Cataracts are most often associated with old age. With age comes many changes, especially with our eyes. Cataracts develop in most people sooner or later. However, it’s more common than you might think to develop cataracts at a young age.
Cataracts Before 50?
Chances are, when you think cataracts, your picture a person in their 60s or 70s. You aren’t far off from the truth, however, there are many things other than age that can cause early cataract development.
One factor in cataract development: diabetes. With diabetes comes a host of other health problems, one of them being an increased risk of cataracts. Uncontrolled blood sugar levels take a huge toll on the eyes, making early cataract development a real possibility.
Another cause of early cataracts is severe trauma to the eye. Penetrating injury, concussive force, electric shock or radiation can all cause early onset cataracts.
Some children are born with cataracts, or develop them within the first few years of life. These are called congenital cataracts. Approximately half of congenital cataract cases are genetic. These are quite rare, but it is important to attend scheduled pediatric eye exams to catch them early.
Lastly, there are many risk factors what make it possible to develop cataracts early. Smoking, obesity, extensive exposure to sunlight, high blood pressure and a family history cataracts are all risk factors associated with early onset cataracts. Some studies suggest that vitamins C and D deficiencies can contribute to cataract development.
What are the symptoms?
At first, early onset cataracts are not entirely noticeable. The first thing most people notice is that their vision is getting steadily blurrier. Most people just chalk it up to the natural decline in vision as we age or to excessive screen usage. At this point, your cataracts will be easily diagnosed by an eye doctor.

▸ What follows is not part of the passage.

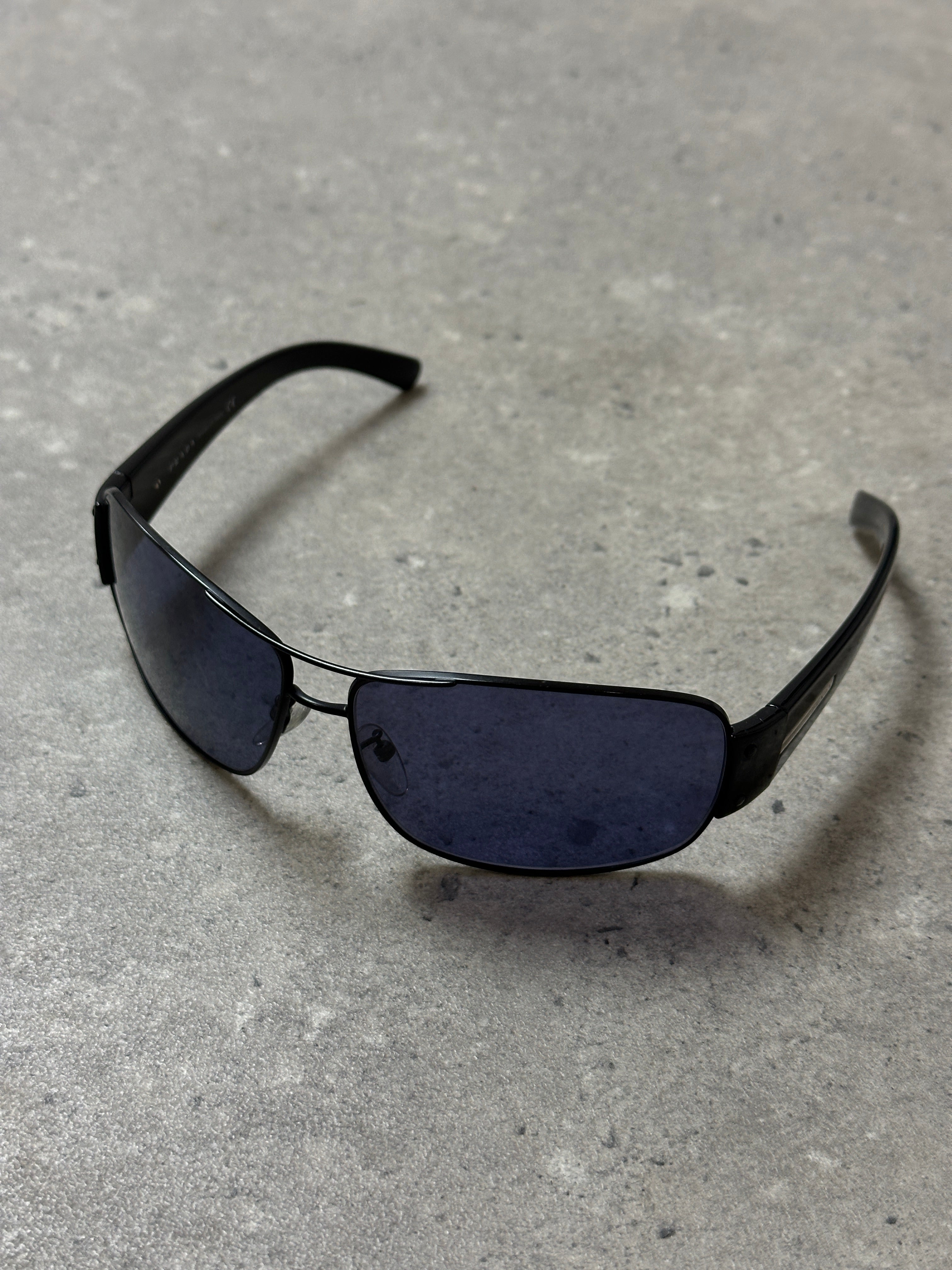 Prada aviator shield sunglasses with large tinted lenses and metal frame, stylish and protective eyewear for sun protection.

As cataract progress, patient’s begin to notice that colors are less bright, and there is a yellow tint to their vision. Some may even notice slightly distorted vision.
Once cataracts have progressed to the point that it becomes difficult to complete daily activities, or driving becomes dangerous, doctors will suggest surgery. Cataracts are only treatable through surgery.
Early Detection for Blindness Prevention
Cataracts eventually lead to blindness when left untreated. This is why we encourage regular eye examinations, even in your 20’s and 30’s. Early detection allows your eye doctor to keep an eye on development, help with visual aids and decide when is the best time for treatment.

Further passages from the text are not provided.